Often used as a term to describe a friendly takeover, the Blitzkrieg tender offer is characterized by an offer made to investors and owners of a company that is so attractive that there is no possible chance of the offer being rejected. While employing a term that dates back to World War II, the Blitzkrieg tender offer is not based in any type of wartime strategy, but instead refers to the speedy nature of the acceptance of the offer once the potential buyer or group of buyers presents it.
Unlike a hostile takeover, a Blitzkrieg tender offer does not include any attempt to secure controlling interest in a company without the knowledge of the current shareholders or owners. The strategy involves approaching the owners and shareholders directly, and submitting a compelling offer that will immediately pique the interest of all involved parties. Generally, takeovers of this type progress somewhat rapidly, with current owners and investors entering into dialogue with the potential buyers that tends to lead to offer acceptance in a short period of time.

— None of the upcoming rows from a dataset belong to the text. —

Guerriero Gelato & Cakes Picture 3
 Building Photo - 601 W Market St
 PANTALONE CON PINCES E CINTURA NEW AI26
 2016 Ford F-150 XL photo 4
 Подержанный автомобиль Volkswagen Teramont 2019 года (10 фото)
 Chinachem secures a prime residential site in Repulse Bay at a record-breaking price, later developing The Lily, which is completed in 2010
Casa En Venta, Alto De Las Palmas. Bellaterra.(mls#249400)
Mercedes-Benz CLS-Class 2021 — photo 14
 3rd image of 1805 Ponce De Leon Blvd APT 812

Once the offer has been accepted, the progression of a Blitzkrieg tender offer can move along quickly. The owners and shareholders generally engage the services of legal counsel to finalize the terms of the sale and make sure all the supporting documents are in place. Inventory listings and other pertinent paperwork relating to the operation of the company is forwarded to the new owners, and announcements to the employees are made. In many cases, the new owners participate with the former owners to make the announcements to the employee base, as well as to the clients of the corporation. Often, press releases are drafted and forwarded to the appropriate outlets once the employees are informed of the change in ownership, and press conferences may be scheduled with industry media outlets.
In most cases, a Blitzkrieg tender offer is researched in detail before it is ever extended to the current owners and shareholders. This comprehensive research not only helps to increase the chances that the offer will be accepted, but also proves helpful in escalating the acquisition process once all parties agree on the terms.